You may see on other websites the ability for a user to create an account or log in via Google, Facebook, Twitter, etc. This is generally known as a version of OAuth, and the third party being used as the source of information about an account is the "OAuth provider". This is a quick overview of how this concept generally works, to accompany the Reference material about this feature.
In this case, OAuth, put simply, is the feature of leveraging another "app" as a source of information about a user's identity. Instead of your Bubble app containing information about a user's username and password, instead you can "outsource" the logging in to the third party. Popular third parties to use here include Google, Facebook, Twitter, Instagram, and more.
Users generally like this feature because it means they don't need to create another password to remember for your Bubble app. Generally OAuth simplifies things for developers as well, and in Bubble this is no exception.
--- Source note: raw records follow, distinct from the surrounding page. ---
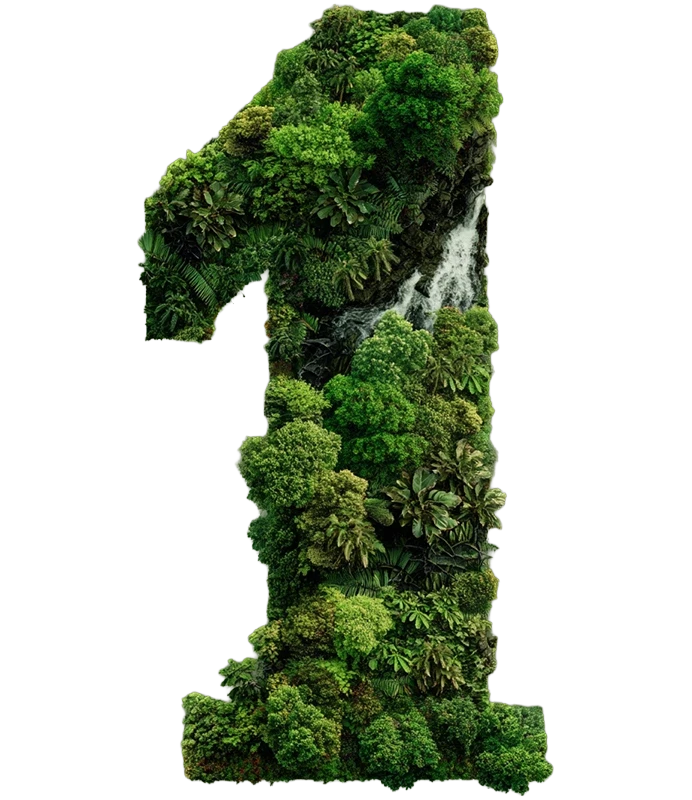 tree-one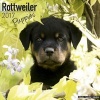 Rottweiler Puppies Calendar 2017 (Paperback) - Avonside Publishing Ltd Photo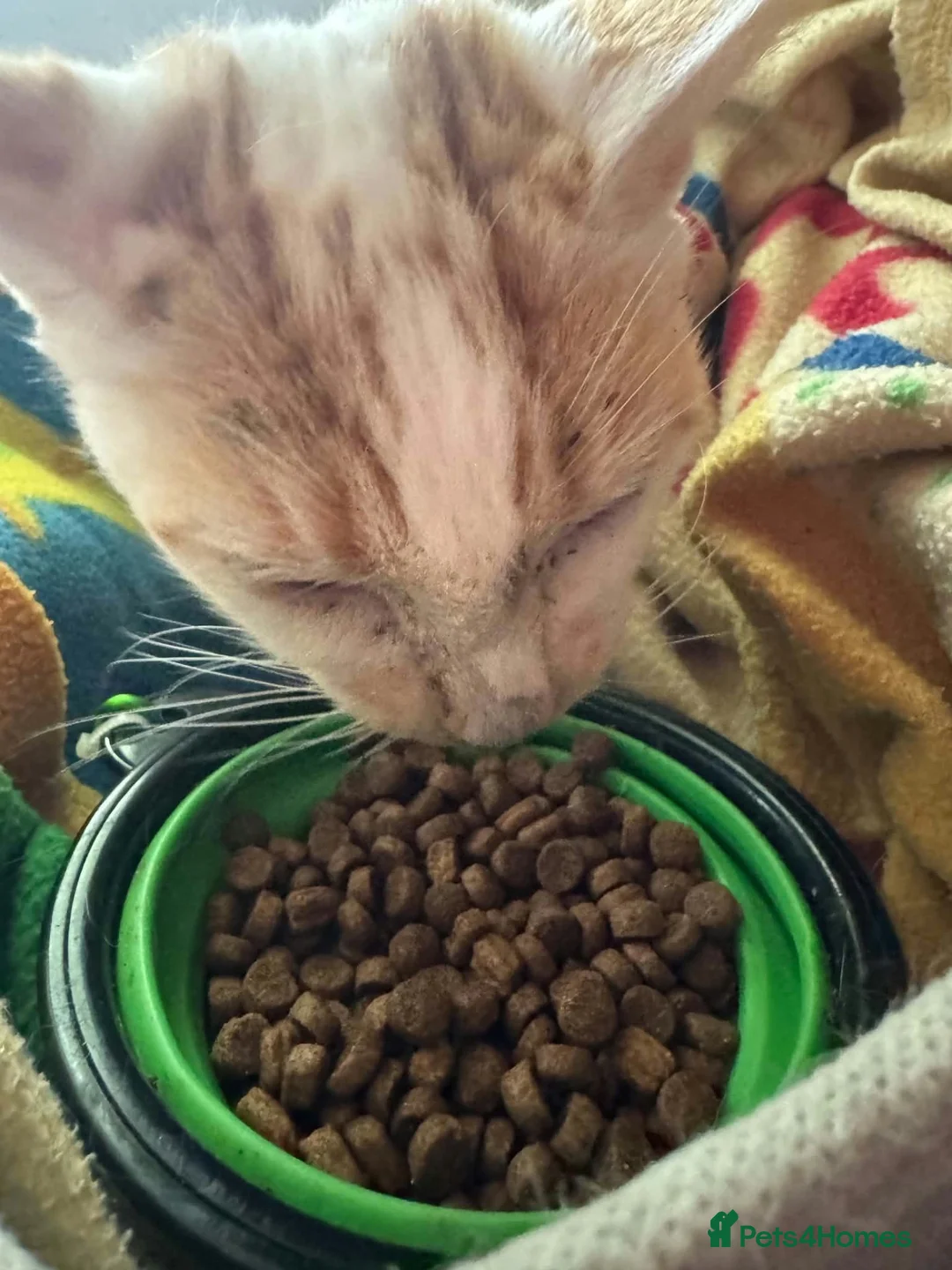 Mixed Breed cats for sale: Peach (rescue) looking for a loving, cat-free home in Norwich - Advert 3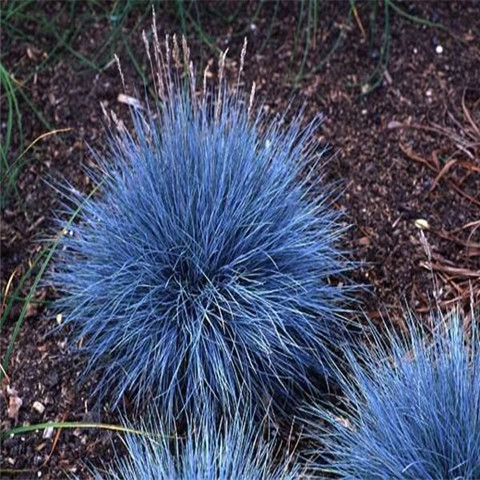 湖南【常春藤】花海_凯琴花卉为您提供多样化的方案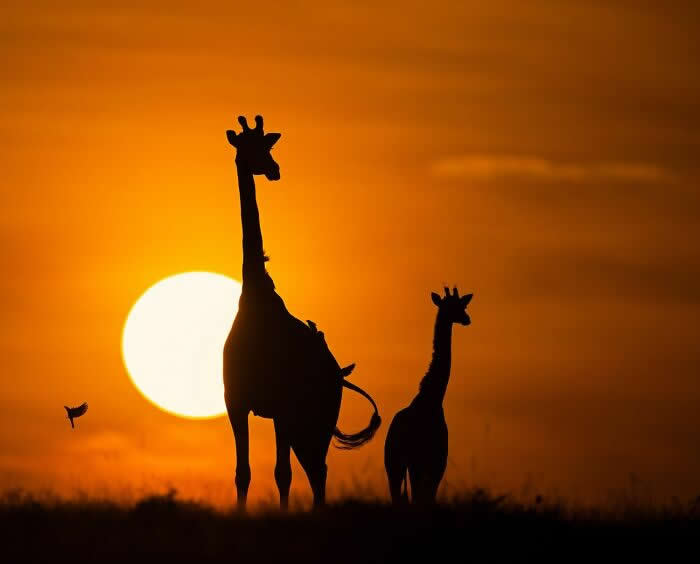 Remarkable Wildlife Photos From Siena Awards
To activate an OAuth provider in Bubble, you must find and install the Plugin corresponding to that OAuth source. In the Plugin gallery, you can filter for "Login Service" to see these options.
Once installed, when using the workflow action "Signup/login with a social network", you should see the OAuth source you just installed in the "OAuth provider" dropdown. A common design is to connect this workflow action to a button on your login page that says "Signup / Login with Google" or whoever the OAuth provider is.
When a user of your app creates an account with an OAuth provider, a new User thing is created in your app's database. Using any OAuth provider will pull in that user's email address, so that is still the definitive way to identify and work with Users in your app.
A special caveat about these Users is that they are created without a password. Users can still set their own password by activating any flow that resets their password (e.g. "Forgot your password?") - the first time a user "resets" their password and follows the instructions, it actually creates a password for that User thing.
It is also possible, though a bit more complex, to do things like associating an OAuth login with an already-existing Bubble User, adding multiple OAuths to a given User, etc. - for help with these more advanced use cases, please refer to the forum.
When you want to use a 3rd party service as an OAuth provider, you generally have to alert them that you will be doing so. This usually involves registering your Bubble app with the OAuth provider in order to obtain an API key(s). These key(s) are generally inputted into the corresponding plugin's setting. The provider's documentation should lay out steps for how to register your app and obtain the right keys.
Note also that some providers require you to provide URLs that you authorize to initiate the OAuth flow, which helps improve the security of the entire login flow. Be careful to register both the development and live versions of your app, if relevant.